JPMorgan
A view of the exterior of the JP Morgan Chase & Co. Corporate headquarters in the Manhattan borough of New York City, May 20, 2015. REUTERS/Mike Segar

JPMorgan Chase & Co, the biggest U.S. bank by assets, reported a drop in quarterly profit -- its first in five quarters — as costs to cover sour loans to troubled oil companies rose and revenue from investment banking declined.

But both earnings and revenue beat analysts' lowered expectations, helping lift the shares of the bank and those of its rivals in premarket trading on Wednesday.

JPMorgan is the first U.S. bank to report results for what is generally being seen as the banking industry's worst start to a new year since the 2007-2008 financial crisis.

And its results may be as good as it gets for the banks in the quarter, analysts said.

"We expect (the) results will be best in class and may be a rare example of a bank stock this quarter where consensus estimates could remain steady post results," Goldman Sachs analyst Richard Ramsden wrote in a client note.

Banks around the world have been hit by a slide in commodity and oil prices, a slowdown in China, near-zero interest rates, mounting regulatory costs and hefty capital requirements.

Stock market activity picked up in March, but that was not enough to make up for weak trading volumes during a volatile January and February.

Industry-wide, investment banking fees fell 29 percent in the first three months of 2016, the slowest first-quarter since 2009.

JPMorgan's investment banking revenue slumped 24.5 percent on lower debt and equity underwriting fees even though the bank topped the global league table with $1.22 billion in fees during the quarter, according to Reuters data.

Financial stocks were the worst performers in the S&P 500 index in the quarter, falling 5.6 percent compared with the overall index's rise of 0.8 percent.

JPMorgan's stock fell 10.3 percent in the period - but the shares of its five big U.S. rivals fell by even more.

JPmorgan shares were up about 2.6 percent in premarket trading, while those of Bank of America Corp and Citigroup were up 1.8 percent and 1.9 percent respectively.

Investors and regulators have been concerned that depressed oil prices over the past year and a half have put not only corporate borrowers at risk but is leading to job losses that threaten the overall economy, adding to banks' bad loans.

The bank may need to boost its provisions for oil and gas loans by $500 million this year, Chief Financial Officer Marianne Lake said on an analysts' call, taking total such provisions to about $1 billion.

J.P. Morgan Chase & Co. (JPM) Stock Price - 1 Year | FindTheCompany

But JPMorgan Chief Executive Jamie Dimon struck a positive note overall, saying "the U.S. consumer remains healthy and consumer credit trends are favorable" and that he did not expect a recession in 2016.

JPMorgan's net income fell 6.7 percent to $5.52 billion in the first quarter ended March 31. The bank earned $1.35 per share, handsomely beating the average estimate of $1.26, according to Thomson Reuters I/B/E/S.

Total revenue fell 3 percent to $24.08 billion, but beat the average estimate of $23.40 billion.

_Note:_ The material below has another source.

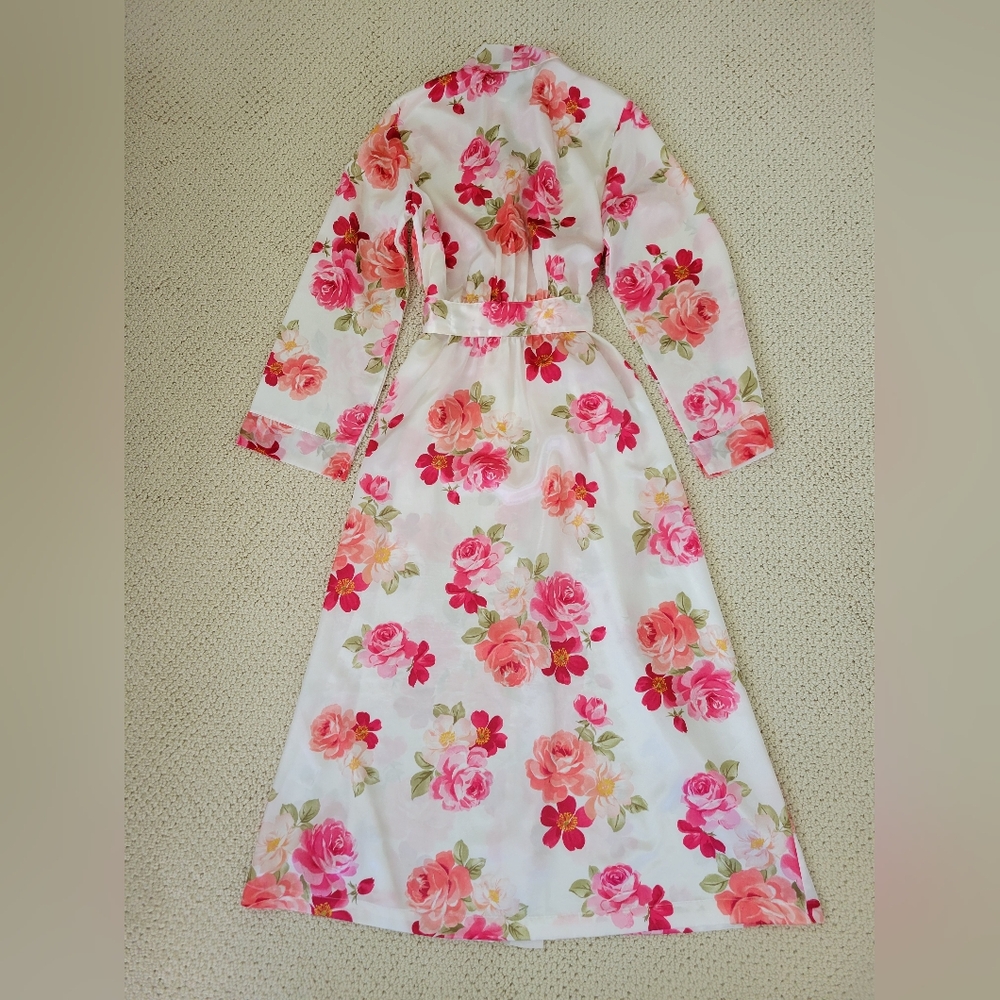 Morgan Taylor Floral Robe - Picture 8 of 13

Revenue from fixed-income trading - often JPMorgan's most volatile business - fell 13.4 percent to $3.60 billion.

Fourteen of 29 analysts covering the company lowered their earnings per share estimate by an average 1.5 percent in the last 30 days, according to Reuters data.

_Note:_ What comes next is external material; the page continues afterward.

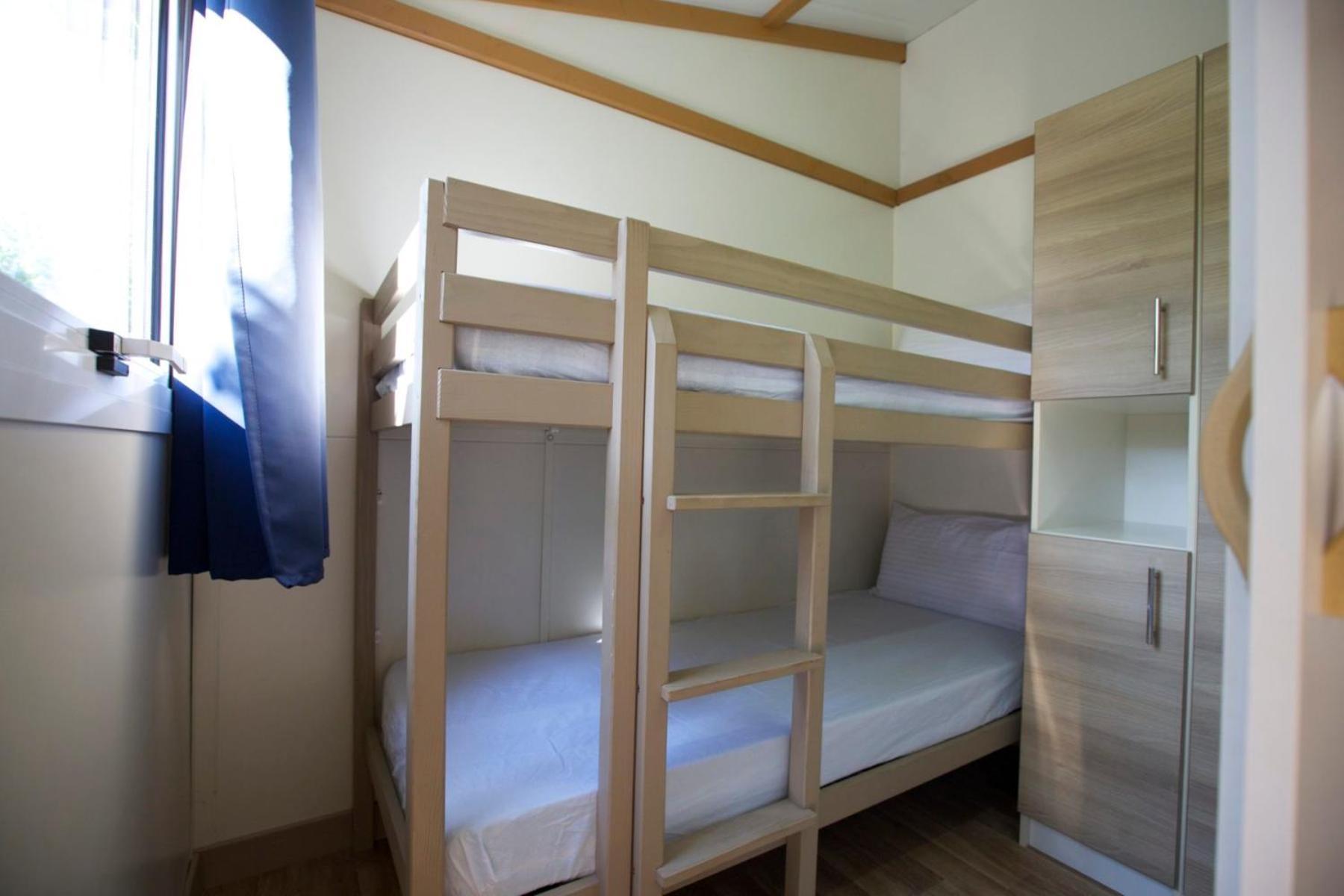 Camping Bungalow El Llac De Banyoles Porqueres 部屋 写真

Provision for credit losses nearly doubled to $1.82 billion, mainly due to reserve increases related to the oil and gas and metals and mining sectors.

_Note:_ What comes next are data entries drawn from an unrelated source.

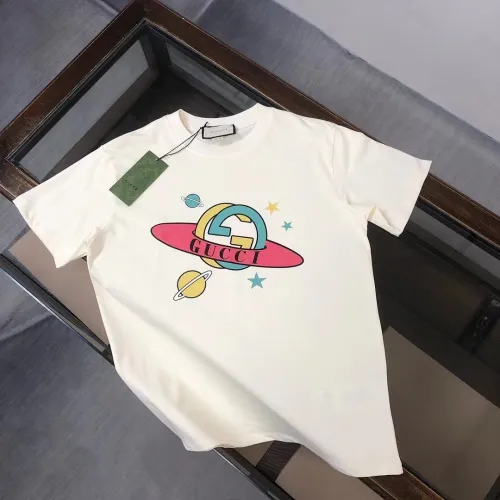 Gucci T-shirts for Gucci Men's AAA T-shirts #B60292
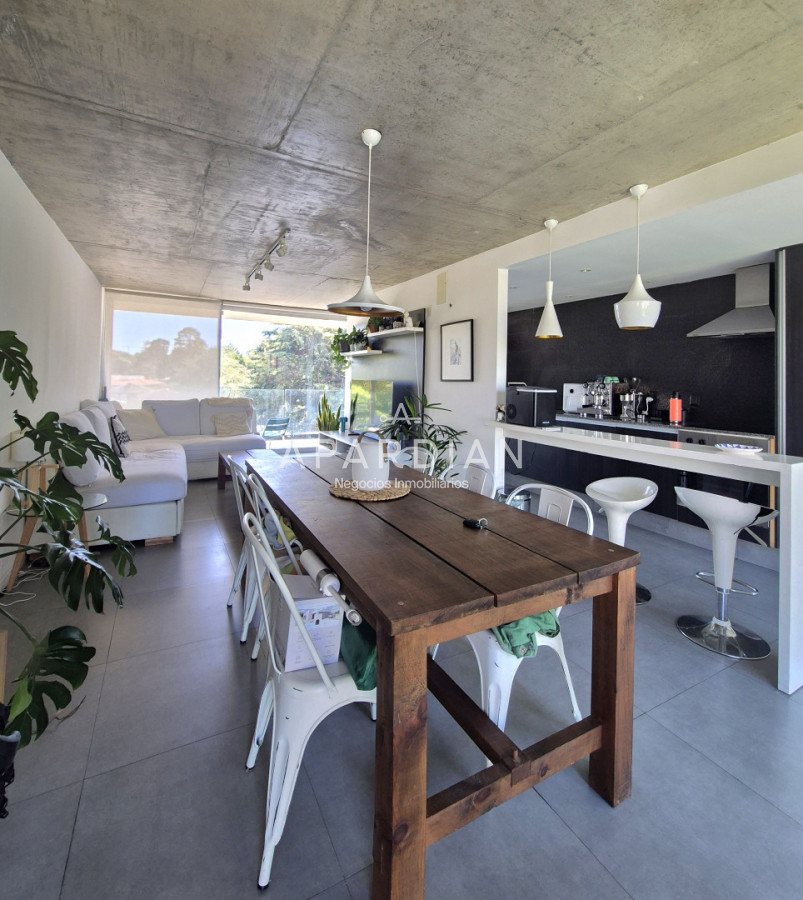 Apartamento ID.21099235 - Penthouse de 2 dormitorios moderno + barbacoa uso exclusiva Playa Mansa Punta del Este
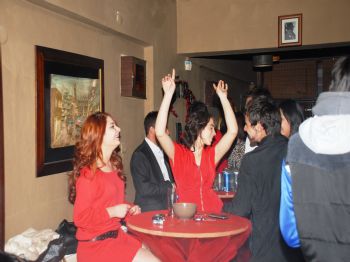 Öğrenciler Kırmızı Giydi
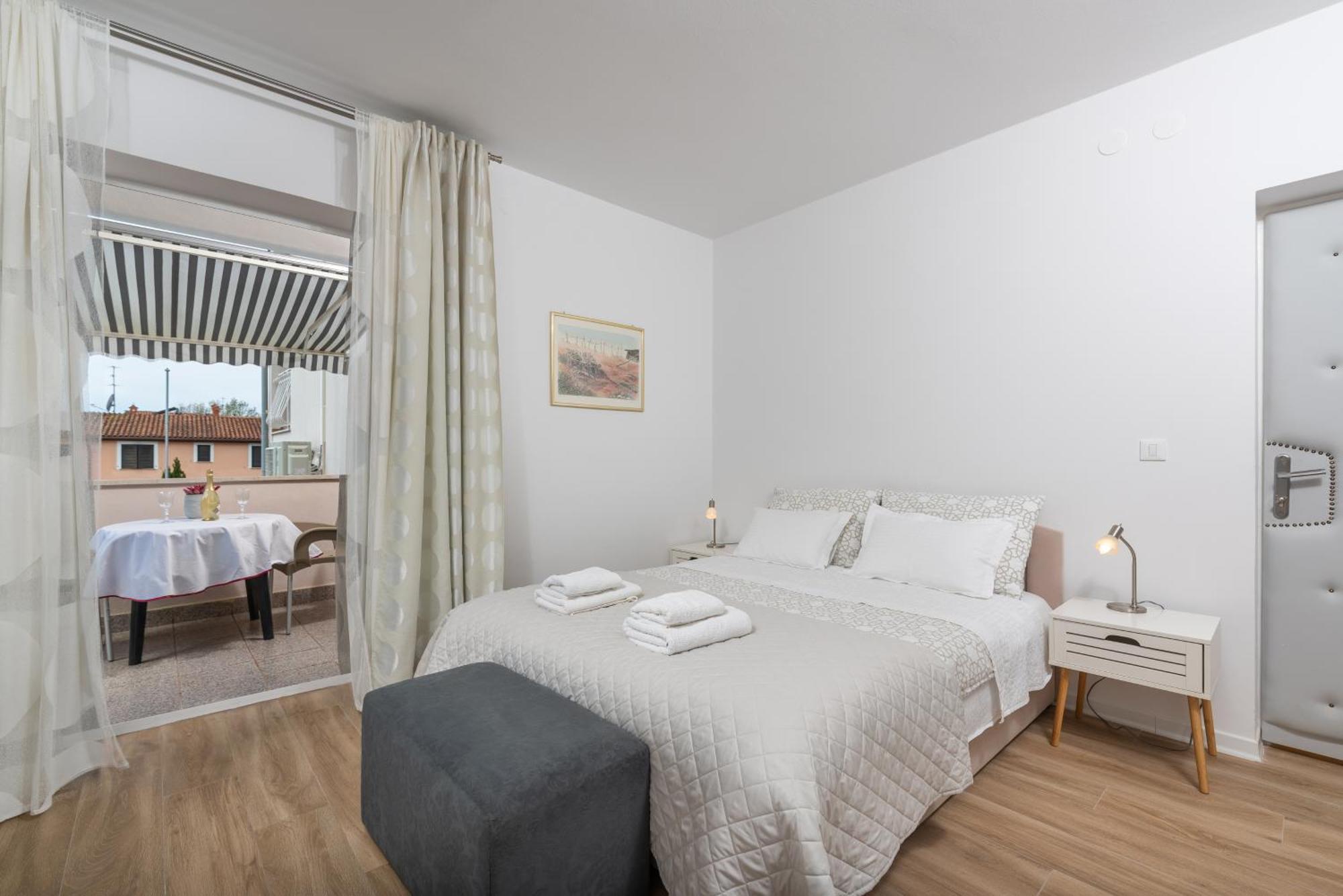 Apartments Viktor Porec Exterior photo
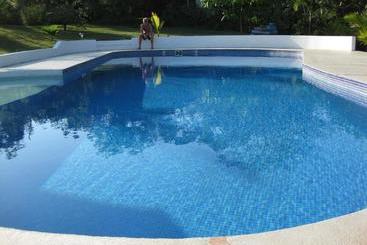 Отель Three Monkeys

Bank executives had warned in February that they expected to shell out $500 million more in provision for expected losses on energy loans.

Total non-interest expenses fell 7 percent to $13.84 billion, helped by lower legal costs.

Like other U.S. banks, JPMorgan has resorted to aggressive cost controls to underpin earnings over the past several quarters as revenue growth remains sluggish.

Bank of America Corp and Wells Fargo & Co, the second and third-biggest U.S. banks, report on Thursday.